Researchers discover predictors of COVID-19 cases that fare the worst
Mount Sinai scientists have identified two markers of inflammation that reliably predict the severity of COVID-19 cases and likelihood of survival, providing a foundation for a diagnostic platform and therapeutic targets, according to a study published in Nature Medicine in August.
The researchers studied four proteins known as cytokines that circulate in blood and are commonly associated with infections, and found that two of them, called IL-6 and TNF-α, were able to predict which patients were likely to develop more severe forms of COVID-19 and die.
The results from the tests showed that the risk of death in patients with elevated IL-6 or TNF-α was twofold or higher, even when considering other known risk factors. Scientists then validated their predictive model using samples from an additional cohort of 231 hospitalized COVID-19 patients.
The researchers looked at how various treatments attempted in a subset of these patients affected the cytokines they measured. They found that treatments recently found to benefit COVID-19 patients, such as the antiviral remdesivir or the corticosteroid dexamethasone, could lower the levels of the cytokines.
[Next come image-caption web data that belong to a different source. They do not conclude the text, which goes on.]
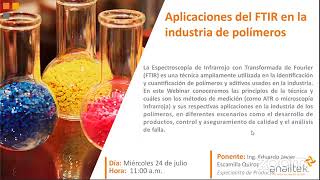 Aplicaciones del FTIR en la industria de polímeros  Webinar IampR [upl. by Nauqram]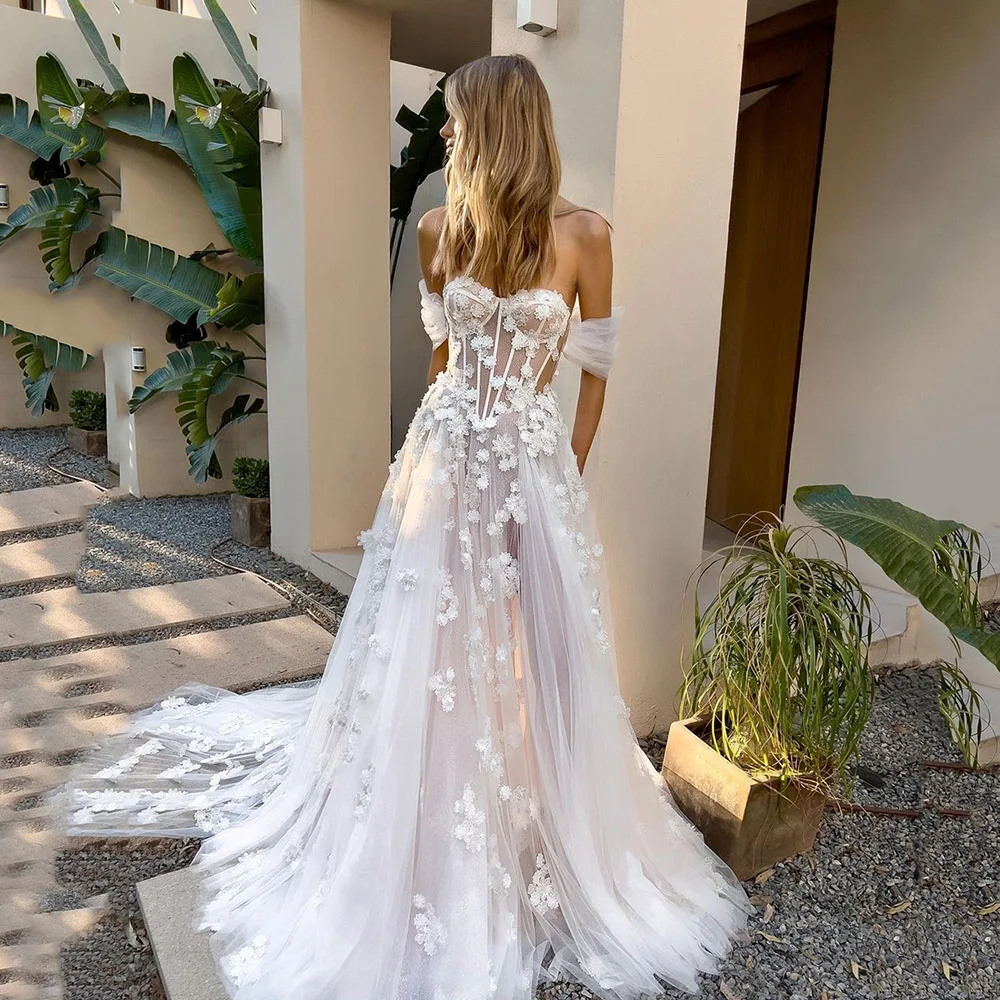 

Doymeny Boho Lace Wedding Dresses 2024 3D Flowers Appliques Off Shoulder Corset Bridal Gowns Women Tulle Princess Bride Dress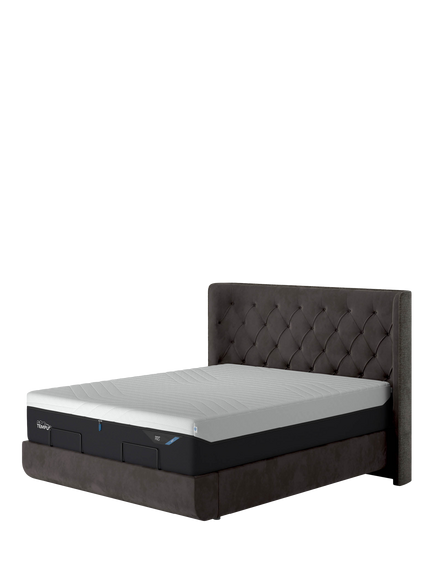 TEMPUR® Arc™ Static Disc Luxury Upholstered Bed Frame, Super King Size, Grey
Based on these results, scientists propose that monitoring COVID-19 patients for these cytokines can help determine their prognosis, and that any treatment should be potentially administered in the context of cytokine measurements, since it affects outcome.
The researchers propose that these findings also call for the use of drugs targeting IL-6 and TNF-α by themselves or combined at the same time, to be tested for their potential benefit based on elevated starting levels.